Chuck McCutcheon and David Mark are the co-authors of the new book Dog Whistles, Walk-Backs, & Washington Handshakes: Decoding the Jargon, Slang, and Bluster of American Political Speech. McCutcheon is the co-author of National Journal's Almanac of American Politics, and the co-editor of CQ's Politics in
America 2010. Mark is the author of Going Deep: The Art of Negative Campaigning, and the editor-in-chief of Politix.
| Chuck McCutcheon (above), David Mark|
Q: How did the two of you come up with the idea for the book, and how did you decide on the terms to include?
A: As seasoned political journalists and authors – and friends – we realized we had similar styles and approaches to book-writing. We played around with various topics, and settled on something related to political rhetoric. We refined the idea to a dictionary/reference book type of guide.
Deciding what terms to include was one of the toughest challenges in writing the book.
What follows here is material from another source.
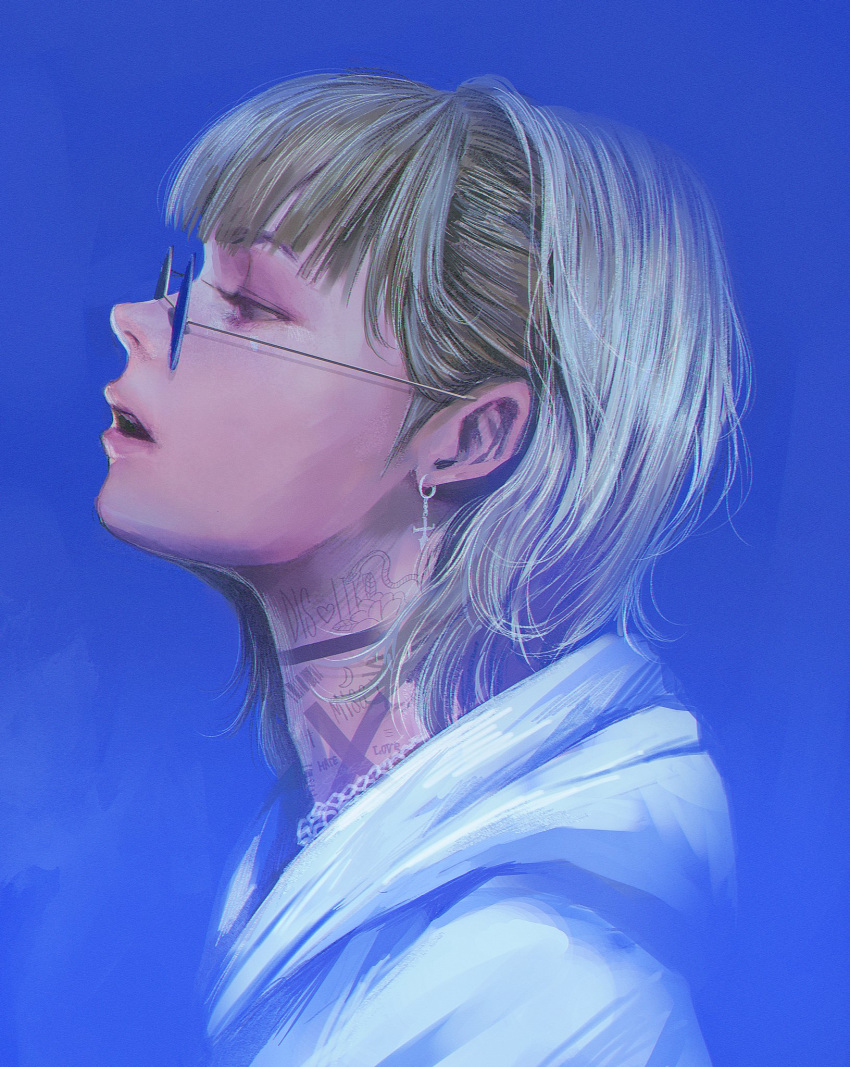 blue-tinted_eyewear blue_background cross cross_earrings earrings from_side grey_hair highres hood hood_down hoodie jewelry neck_tattoo original parted_lips profile sunglasses tattoo upper_body wataboku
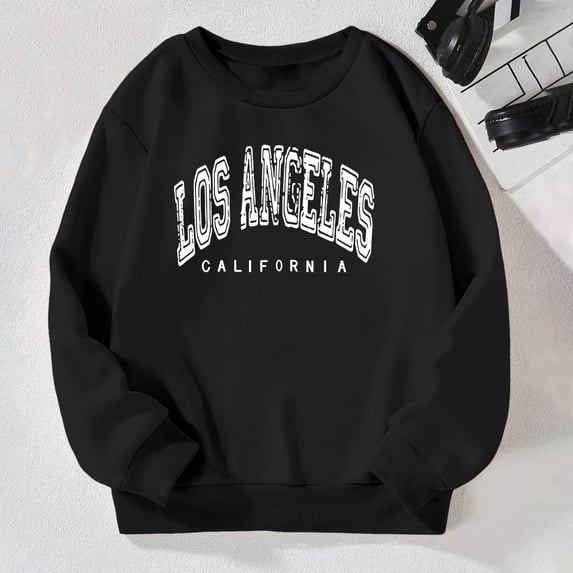 Rhuody Fall Sweatshirts For Girls Long Sleeve Oversized Cartoon Prints Lightweight Pullover Sweatshirt Fashion Infant Wear 3-4 Years Black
We wanted to present an original idea with each definition, which was hard regarding some of the well-known terms like foreign policy Hawk or Pork (the Capitol Hill, not bacon, variety). We’re confident we were able to do this in a humorous and informative way, but it took some thinking.
Some of the terms also came from our interview subjects. Former Congressman Martin Frost of Texas, who held several Democratic leadership roles during his 1979-95 tenure, mentioned Minimum High Regard. It’s a euphemism used by an older generation of members who want to avoid directly insulting a colleague, while still making their displeasure at an opposing idea know.
Q: Who do you see as the readership for this book?
A: We’re hoping to get our ideas across to people who are interested in politics, but don’t necessarily work in it professionally or follow it obsessively (though we think those folks will like the book, as well).
In addition to the familiar phrases, we introduce some new ones that may initially cause some head-scratching. That includes Overton Window (the range of “acceptable” political opinions) and Dead Cat Bounce (temporary recovery from sagging poll numbers in a political campaign).
We figured readers who had previously scooped up Safire’s Political Dictionary or Mark Leibovich’s This Town would be interested in Dog Whistles. Though of course we’re not trying to copy the work of anybody else, but present our ideas in a new and original format.
Academic courses are also a target for us in the book. Dog Whistles could work well in a college course on political communication, or a range of other topics. We wrote the book to appeal to both political and academic audiences.
Q: What are some of your favorite terms that you describe in the book?
A: Overton Window is high on the list, particularly because it sounds like it would fit in a Star Trek episode.
Our favorite, though, has to be My Good Friend. C-SPAN viewers will find the phrase familiar to floor debate in the House and Senate, when partisans go after each other with verbal gusto, while using the goodwill-tinged phrase.
Among House members it’s particularly disingenuous. In a chamber of 435 members it’s unlikely any lawmaker is going to have that many real friends. In fact, many don’t even know the names of more than a few dozen colleagues, as we’ve learned in our Capitol Hill reporting over the years.
Another phrase we came to like in the writing process is “We need to have a conversation about …” It’s a favorite expression of President Barack Obama’s, though by no means limited to him, as explained in Dog Whistles.
It signifies that a politician wants people to slow down and listen to their version of something controversial; in Obama’s case, it has come following Edward Snowden’s revelations of domestic spying, gun control after the Newtown slayings, or legalizing marijuana after voters in Colorado and Washington state chose to do so.
Q: How did the two of you divide up the work, and what was the collaboration process like?
A: We came up with an initial list of words and phrases and simply split them in half. Inevitably, though, some of these got cut, while many more got added.
We would write up a batch of definitions – usually seven or eight at a time – and then send to the other for review. Often one of us pointed out shortcomings in the write-ups, like being too obvious or familiar. Or, they were too obscure for a reader who doesn’t deal with these matters each day.
Another challenge was fitting the definitions into relatively equal-sized chapters. Some entries were longer than others. We worked together to move around definitions to different chapters, which often meant adding on new material.
Valuable editing help also came from Jeff Greenfield, who wrote the book foreword. He’s an Emmy Award-winning political commentator and acclaimed author. In sending him the manuscript so he could write the review, he also found factual issues to clarify, and offered a few – but key – suggestions on writing style.
Q: What are you working on now?
A: Chuck is updating Almanac of American Politics profiles on National Journal's website. David is busy with his day job, as editor-in-chief of Silicon Valley-based Politix. David is spending an extended period of time in Washington, D.C., this fall for book promotion, from Sept. 12 through Oct. 10. That begins with the official book launch at Politics and Prose on Sept. 13.
David’s also working on his next book proposal idea.
Q: Anything else we should know?
A: We’re confident Dog Whistles will appeal to readers of all political persuasions. We wrote it in a non-partisan manner, as we’ve approached our careers.